Havia, antes de tudo o mais, Andy Warhol, padrinho artístico dos Velvet que esteve muito longe de se limitar a conceber a mítica gravura da banana que serviu de capa The Velvet Underground & Nico (1967), primeiro álbum da banda. Então a desenvolver muitas experiências cinematográficas tendo por base o seu estúdio (The Factory), Warhol usava também o cinema como motor de congregação dos mais contrastados talentos. É por essa altura, aliás, que filma, com Paul Morrissey, Chelsea Girls e The Velvet Underground and Nico: A Symphony of Sound (ambos de 1966). Sem esquecer a referência tutelar de Jonas Mekas na cena artística de Nova Iorque — o filme é dedicado à sua memória.
Com uma presença importante nos depoimentos do filme, John Cale insiste em sublinhar a milagrosa conjugação de sensibilidades e experiências que esteve na base do fenómeno The Velvet Underground — e talvez também da sua efémera odisseia (cinco álbuns editados entre 1967 e 1973, no final já sem John Cale nem Lou Reed). Nessa perspectiva, podemos dizer que as suas canções nasceram de um magma de referências em que as heranças da chamada música erudita se cruzam com o radicalismo de um rock genuinamente experimental.
Tudo isto talvez pudesse ser tratado através de uma voz off mais ou menos jornalística, lendo um comentário que “explicasse” e “descrevesse” o que nos vai sendo mostrado. Enfim, esse academismo já deu origem a alguns documentários interessantes… mas The Velvet Underground está longe de se acomodar às suas matrizes.
Deparamos, assim, com um espantoso tratamento do “look” do filme, fragmentando de forma delirante, por vezes à beira do surreal, o próprio espaço do ecrã. Dir-se-á que se trata de uma solução prática para integrar a maior quantidade possível de documentos disponíveis. Mas não: Todd Haynes consegue criar um fascinante fluxo de palavras, canções, fragmentos de filmes, fotografias, etc., etc., que acaba por funcionar como uma derivação — estética e ética — do universo em que a banda existiu.

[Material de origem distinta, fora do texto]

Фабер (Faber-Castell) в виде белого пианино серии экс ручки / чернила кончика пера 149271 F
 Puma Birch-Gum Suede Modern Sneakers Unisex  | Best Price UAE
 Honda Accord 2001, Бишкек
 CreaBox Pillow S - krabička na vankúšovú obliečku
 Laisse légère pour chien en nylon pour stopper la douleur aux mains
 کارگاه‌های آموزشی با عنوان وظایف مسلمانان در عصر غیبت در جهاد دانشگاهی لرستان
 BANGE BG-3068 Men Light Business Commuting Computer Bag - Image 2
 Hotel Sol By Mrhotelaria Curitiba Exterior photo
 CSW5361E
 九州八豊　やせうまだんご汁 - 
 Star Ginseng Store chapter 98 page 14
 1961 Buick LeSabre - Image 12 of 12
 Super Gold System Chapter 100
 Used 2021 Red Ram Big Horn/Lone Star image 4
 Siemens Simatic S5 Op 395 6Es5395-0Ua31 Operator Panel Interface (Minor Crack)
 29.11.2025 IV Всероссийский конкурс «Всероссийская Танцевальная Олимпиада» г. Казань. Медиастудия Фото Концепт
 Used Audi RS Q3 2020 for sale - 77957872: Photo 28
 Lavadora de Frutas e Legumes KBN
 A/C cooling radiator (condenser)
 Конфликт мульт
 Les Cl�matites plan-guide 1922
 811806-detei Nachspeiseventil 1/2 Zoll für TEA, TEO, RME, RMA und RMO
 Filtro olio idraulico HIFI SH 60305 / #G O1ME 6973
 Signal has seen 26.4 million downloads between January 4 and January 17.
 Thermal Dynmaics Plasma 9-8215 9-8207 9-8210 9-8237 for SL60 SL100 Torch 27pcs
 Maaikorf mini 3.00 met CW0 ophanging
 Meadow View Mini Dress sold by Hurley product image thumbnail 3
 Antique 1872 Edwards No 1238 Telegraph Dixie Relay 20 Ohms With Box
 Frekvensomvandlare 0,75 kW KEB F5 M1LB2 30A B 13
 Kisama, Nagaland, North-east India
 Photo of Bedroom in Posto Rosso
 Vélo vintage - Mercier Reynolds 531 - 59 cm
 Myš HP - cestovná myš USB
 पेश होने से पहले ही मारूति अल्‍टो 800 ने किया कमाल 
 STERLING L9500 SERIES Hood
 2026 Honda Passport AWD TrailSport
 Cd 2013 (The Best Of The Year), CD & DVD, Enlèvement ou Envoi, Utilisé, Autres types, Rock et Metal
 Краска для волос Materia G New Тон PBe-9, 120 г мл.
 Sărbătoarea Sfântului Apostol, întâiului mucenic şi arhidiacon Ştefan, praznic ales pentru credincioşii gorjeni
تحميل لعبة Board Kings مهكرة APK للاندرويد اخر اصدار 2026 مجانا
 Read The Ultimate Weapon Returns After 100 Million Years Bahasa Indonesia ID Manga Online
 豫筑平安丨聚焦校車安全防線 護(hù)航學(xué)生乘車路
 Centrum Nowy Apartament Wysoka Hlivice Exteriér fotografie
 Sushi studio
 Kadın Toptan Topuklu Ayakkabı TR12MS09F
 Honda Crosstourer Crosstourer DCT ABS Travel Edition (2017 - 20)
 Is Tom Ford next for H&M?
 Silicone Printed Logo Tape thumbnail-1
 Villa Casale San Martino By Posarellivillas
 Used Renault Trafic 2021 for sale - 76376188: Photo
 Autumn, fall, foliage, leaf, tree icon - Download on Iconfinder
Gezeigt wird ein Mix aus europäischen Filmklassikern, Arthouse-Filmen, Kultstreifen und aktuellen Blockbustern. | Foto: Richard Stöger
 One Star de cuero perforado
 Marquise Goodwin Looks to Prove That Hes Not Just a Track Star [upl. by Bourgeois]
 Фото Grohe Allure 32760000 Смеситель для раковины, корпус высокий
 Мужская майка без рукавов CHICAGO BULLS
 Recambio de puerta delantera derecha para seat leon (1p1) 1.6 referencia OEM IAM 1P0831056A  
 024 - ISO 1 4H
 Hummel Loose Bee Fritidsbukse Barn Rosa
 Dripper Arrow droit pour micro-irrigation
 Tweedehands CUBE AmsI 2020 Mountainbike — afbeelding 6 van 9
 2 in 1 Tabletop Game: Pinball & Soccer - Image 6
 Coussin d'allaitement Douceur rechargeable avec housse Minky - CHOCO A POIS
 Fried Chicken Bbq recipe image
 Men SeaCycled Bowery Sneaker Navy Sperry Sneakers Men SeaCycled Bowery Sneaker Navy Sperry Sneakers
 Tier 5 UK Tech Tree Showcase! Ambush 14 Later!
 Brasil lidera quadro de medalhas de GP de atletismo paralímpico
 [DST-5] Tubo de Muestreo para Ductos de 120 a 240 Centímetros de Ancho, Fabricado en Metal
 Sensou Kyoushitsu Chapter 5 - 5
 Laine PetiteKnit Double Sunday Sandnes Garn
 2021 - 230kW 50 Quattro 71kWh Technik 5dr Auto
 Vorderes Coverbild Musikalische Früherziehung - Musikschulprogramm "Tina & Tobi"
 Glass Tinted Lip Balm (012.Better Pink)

Até certo ponto, muitos momentos de The Velvet Underground fazem lembrar o aspecto de um ecrã de computador em que vão proliferando as janelas de acesso aos mais variados “conteúdos”. Neste tempo em que a tecnologia favorece inusitados cruzamentos formais, o paralelismo talvez não seja exagerado (e o próprio Todd Haynes não terá sido indiferente a tal possibilidade). De qualquer modo, não estamos perante uma banal ostentação técnica — em boa verdade, o cinema inventa a sua linguagem através da invenção que herda da própria música.
Afinal de contas, convém não esquecer que Todd Haynes é autor do admirável I’m Not There (2007), representando a figura de Bob Dylan através de outro tipo de fragmentação, isto é, seis actores (incluindo Cate Blanchett!). Agora, com The Velvet Underground, a aposta consiste em reconverter e reinventar a própria arte de documentar através dos meios específicos do cinema. Será preciso acrescentar que estamos perante um dos grandes filmes de 2021?